The 7th Circuit Court of Appeals ruled on a case that dated back to May 22, 2011, where a woman’s psychiatrist phoned police to let them know that she thought she might be suicidal after receiving some bad news and expressing grief during a visit. Shortly after, police were dispatched to find 42-year-old Krysta Sutterfield in Milwaukee, Wisconsin so they could forcibly detain her and give her a mandatory medical evaluation.
Police went to her home with a description of her vehicle but were unable to locate it in her garage. Hours went by without them finding her, however Dr. Bentle called and told the police that she “had called her some minutes earlier stating that she was not in need of assistance and that the doctor should ‘call off’ the police search for her,” court documents stated.

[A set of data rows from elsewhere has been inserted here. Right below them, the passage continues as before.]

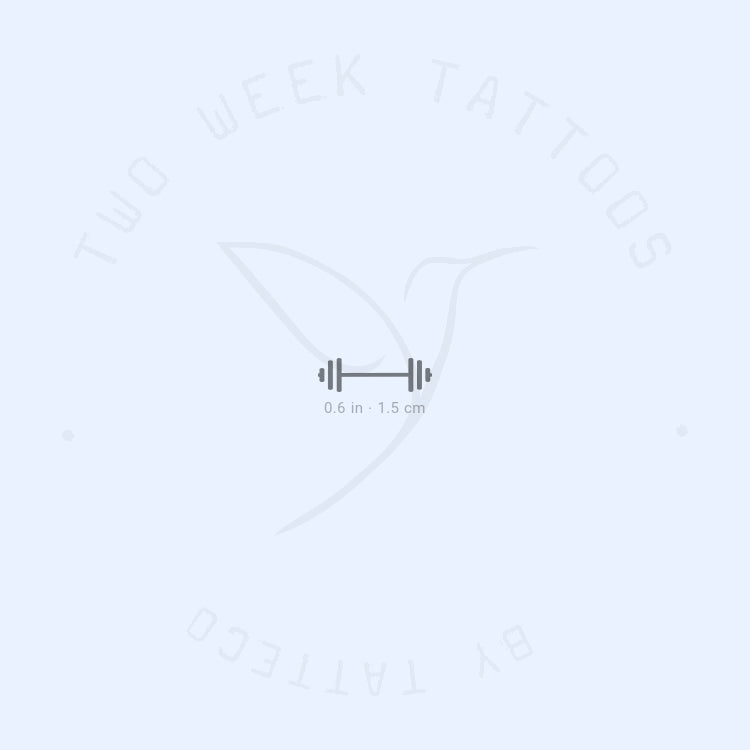 Little Dumbbell Semi-Permanent Tattoo - Set of 2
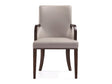 Shubert Faux Leather and Velvet Dining Armchair in Light Grey by Manhattan Comfort at Eve Furniture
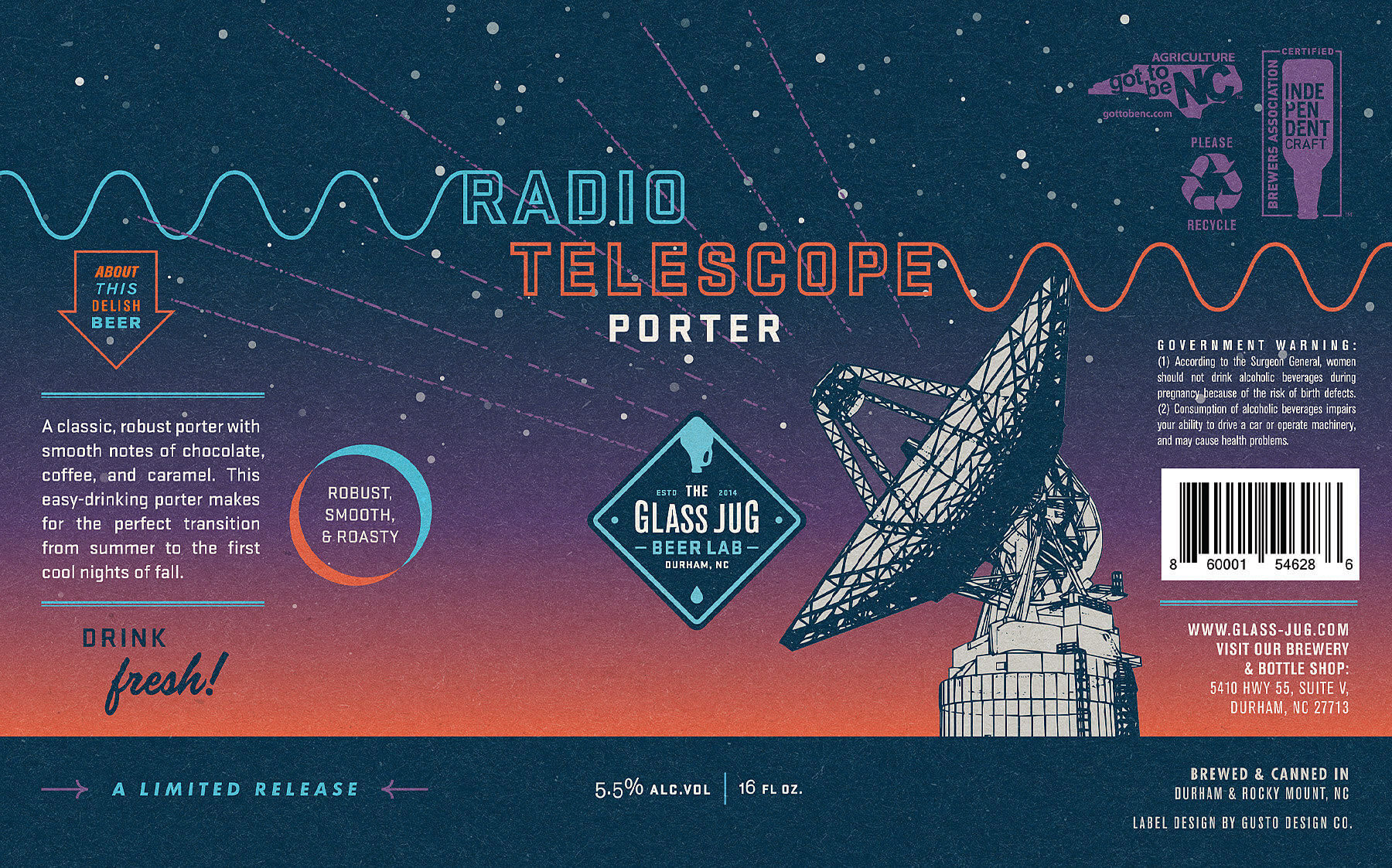 TGJBL-Label-RadioTelescope-Porter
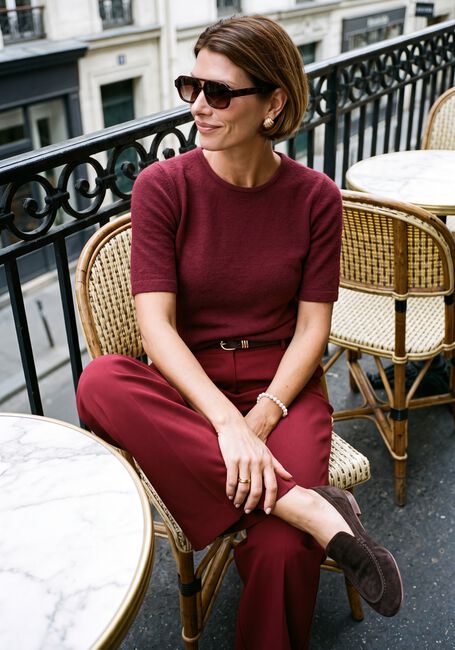 Bordeaux STUDIO ANNELOES Pullover Felica pullover - large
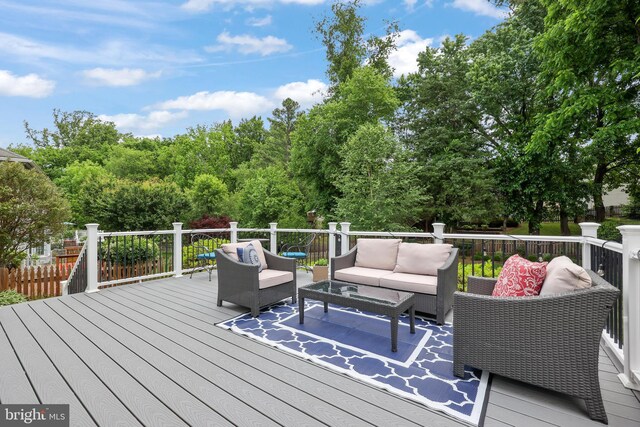 14428 William Carr Ln, Centreville, VA 20120 - wooden terrace featuring an outdoor hangout area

The police didn’t call of the search, in spite of the doctor’s recommendation, and at 8:30 p.m. they found Sutterfield at her home. She answered the door for the officers but wouldn’t allow them in her house because she didn’t need assistance and had already called off the search, but that wasn’t good enough.
After about a 30-minute standoff, police called for backup while Sutterfield called 911 to try to get them to back off. While she was on the phone the police kicked her door in and accosted her, and she could be heard on the 911 recording telling the officers to “let go of her and that they leave her home.”

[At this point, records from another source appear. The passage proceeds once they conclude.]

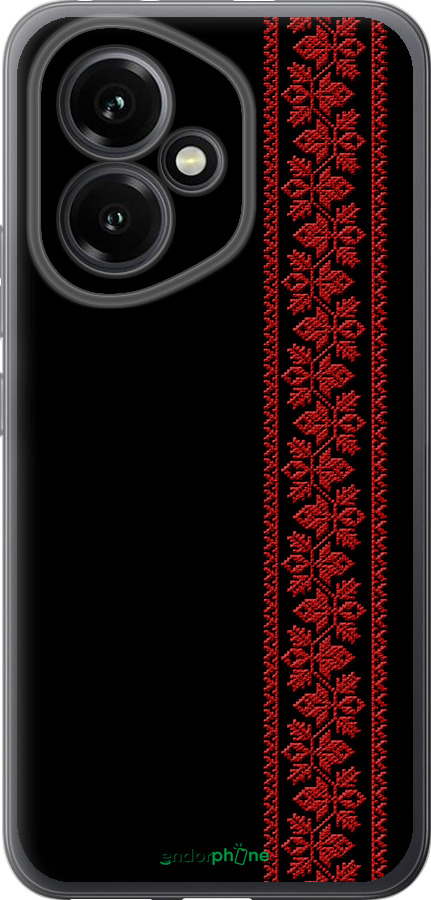 Силіконовий чехол Вишиванка 53 для Huawei Honor 400 5G - 2041u-4017 изображение 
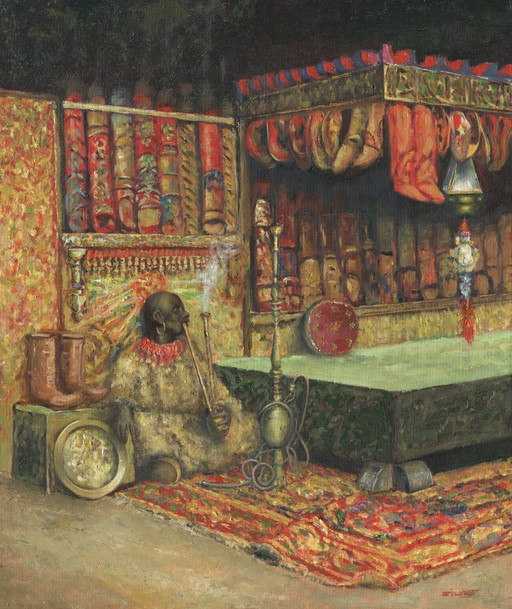 Beautiful Painting – Á Simarro – "The Slipper Seller"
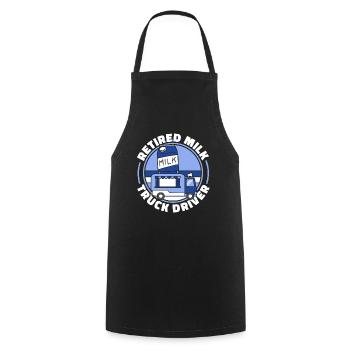 Retired Cow Milk Milk Wagon - Cooking Apron - black - Front - AI Model Male 185 dark (185cm)
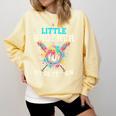 Little Brother Biggest Fan Baseball Cream Drip Crossed Bats Comfort Colors Sweatshirt Blue Spruce Little Brother Biggest Fan Baseball Cream Drip Crossed Bats Comfort Colors Sweatshirt Blue Spruce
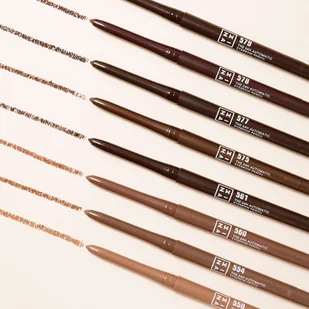 3ina 3INA Makeup  wegański  Cruelty Free  The 24h Automatic Eyebrow Pencil 579  kredka do brwi  Longwear  naturalne wykończenie  wodoodporny  w zestawie pędzel do brwi  ciemnobrązowy - Akcesoria i kosmetyki do stylizacji brwi - miniaturka - grafika 5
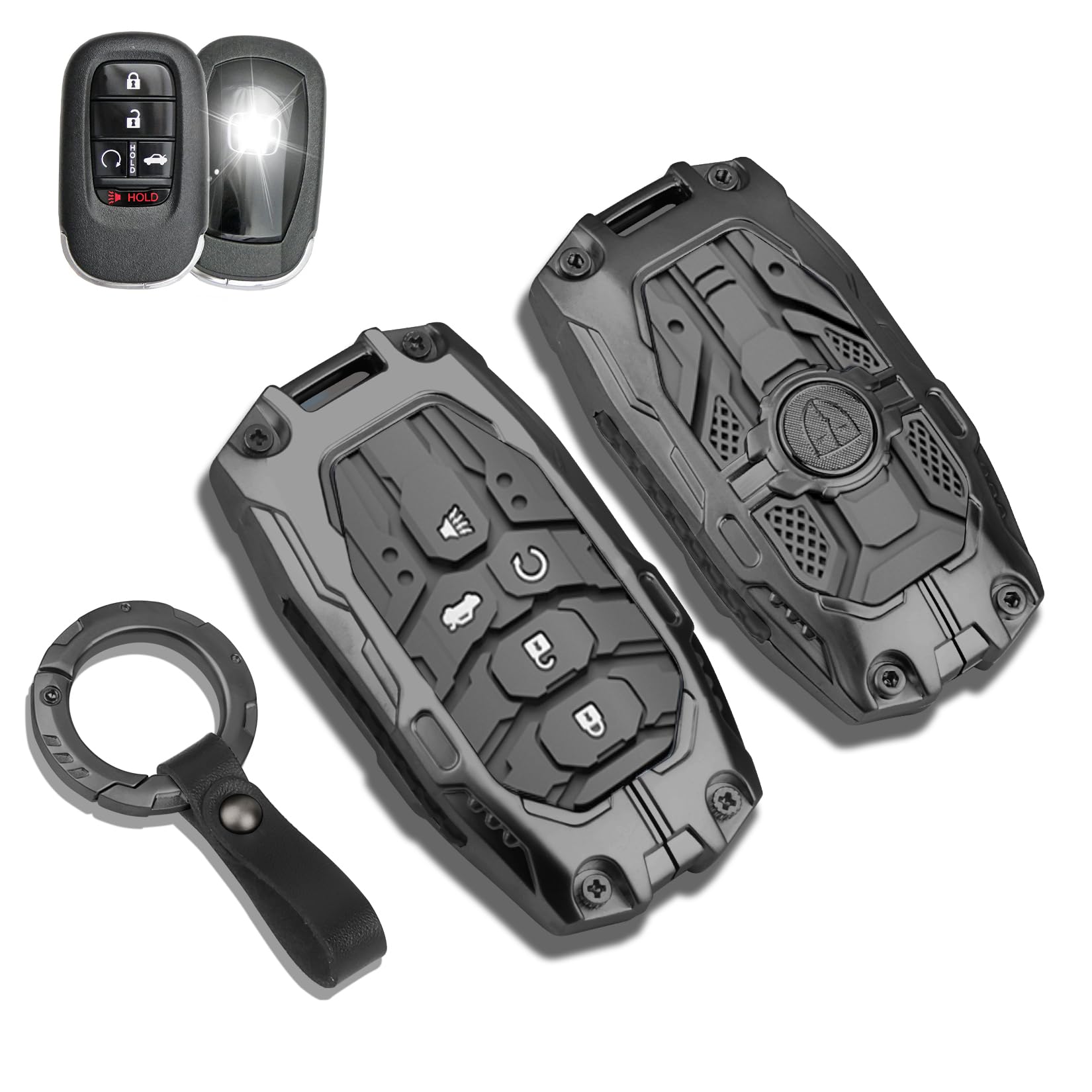 QBUC Honda key fob shell with precise fit and durable protection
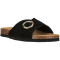 nou Jaca Leder Kork Sandalen Damen 1001 - black 37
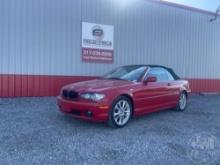 2005 BMW 330CI VIN: WBABW53415PL50297 COUPE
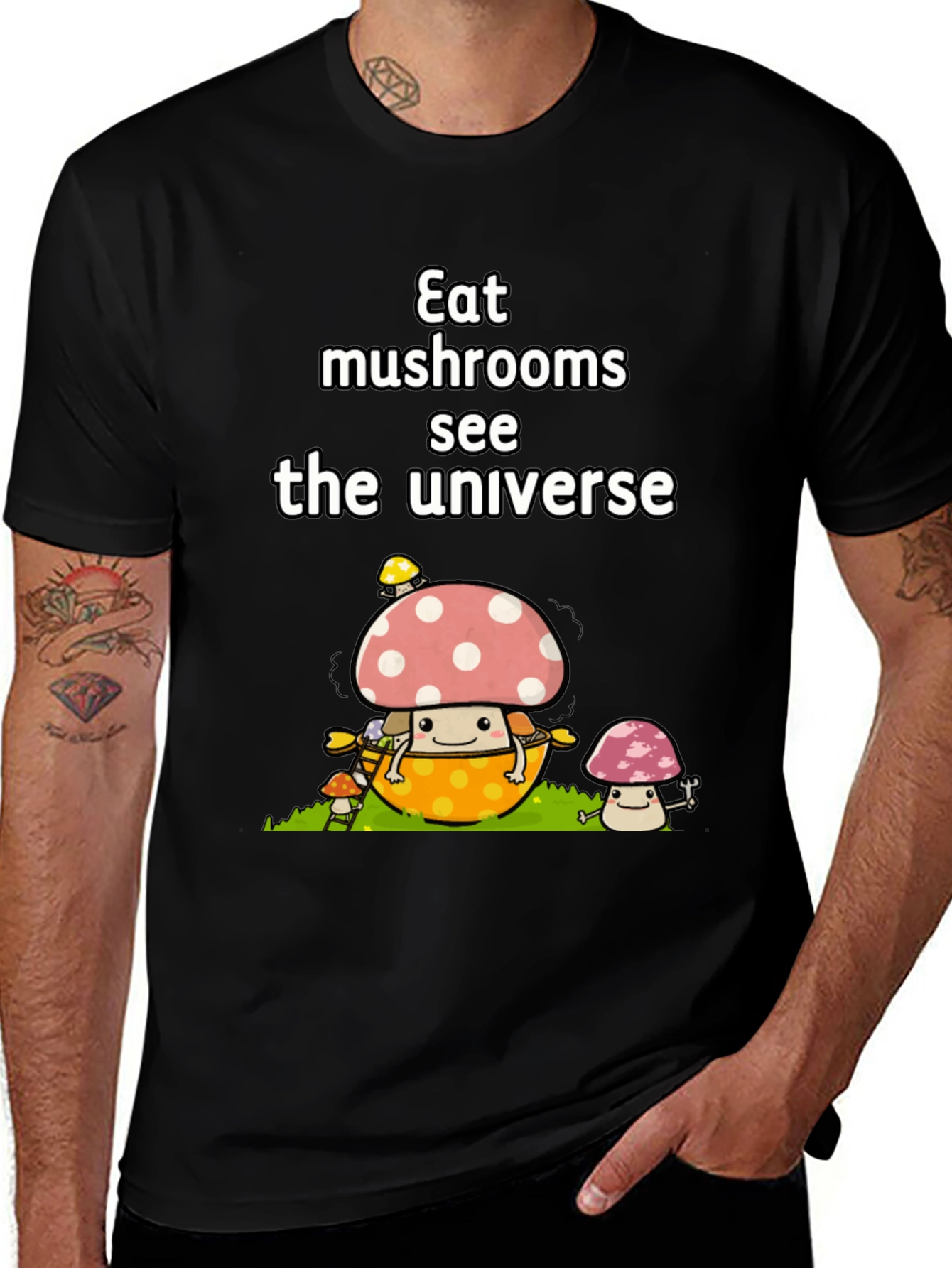 Variant 14 of Eat Mushrooms See The Universe Graphic T-Shirt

Sutterfield was shackled and detained while the police, without a warrant, conducted a “proactive sweep” of her home. They found her pistol in an opaque case and a BB gun in the residence and seized both along with her CCW permit. She was then taken into custody and brought to the county’s Mental Health Complex where she underwent a mandatory mental evaluation.

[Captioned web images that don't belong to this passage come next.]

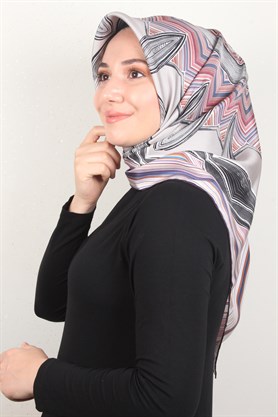 Piramit Twill İpek Eşarp 1866-8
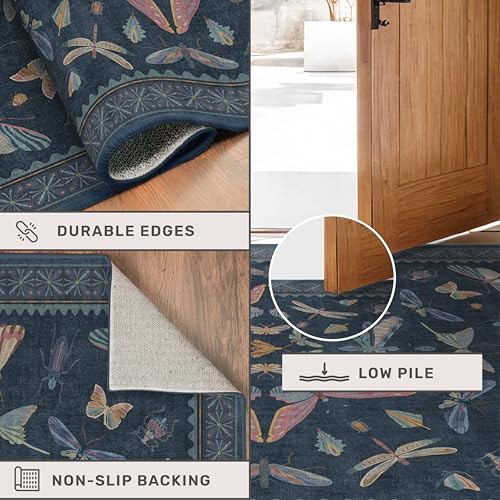 Washable 7x9 Large Area Rug for Living Room (63 Sq Ft)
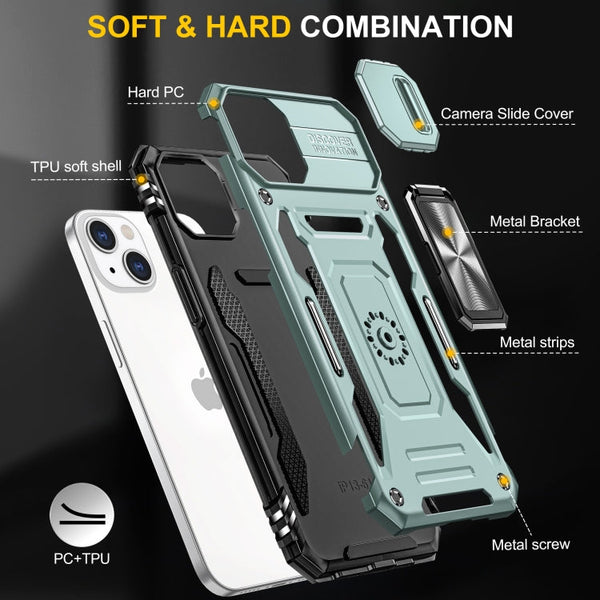 Armor PC + TPU Camera Shield Phone Case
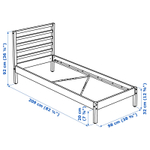 Кровать деревянная односпальная Tarva Тарва с ламелями 90*200, массив сосны
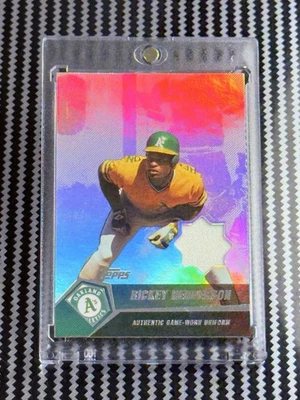 2004 Topps Clubhouse Collection Rickey Henderson Relics Foil Patch #RHE🔥Nice!🔥 - Image 1 of 4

Sutterfield almost immediately filed suit against the Milwaukee Police Department for violating her Second and Fourth Amendment rights, contending that the search of her home without a warrant was illegal and so was the seizure of her firearms.
After her first case being dismissed, Sutterfield had her appeal heard by the 7th Circuit, who ultimately ruled against her.
Judge Illana Rovner wrote that “Although the court had found it ‘likely’ that Sutterfield’s Fourth Amendment rights had been violated, the court discerned no basis to hold Milwaukee liable for the violation.” She also said that “the intrusions upon Sutterfield’s privacy were profound,” and noted, “at the core of the privacy protected by the Fourth Amendment is the right to be let alone in one’s home.”
The three judge panel found that “Even if the officers did exceed constitutional boundaries, they are protected by qualified immunity.”
The court found that “There is no suggestion that (police) acted for any reason other than to protect Sutterfield from harm,” which means that the violation of her Fourth Amendment rights was allowable since they were acting on her behalf.
So basically if the police have reason to believe that you’re a danger to yourself they can kick your door in, take your guns, and take you into custody even if you have done nothing wrong. Such a precedent is dangerous and will undoubtedly lead to abuses, especially with doctors questioning people about having firearms in their homes.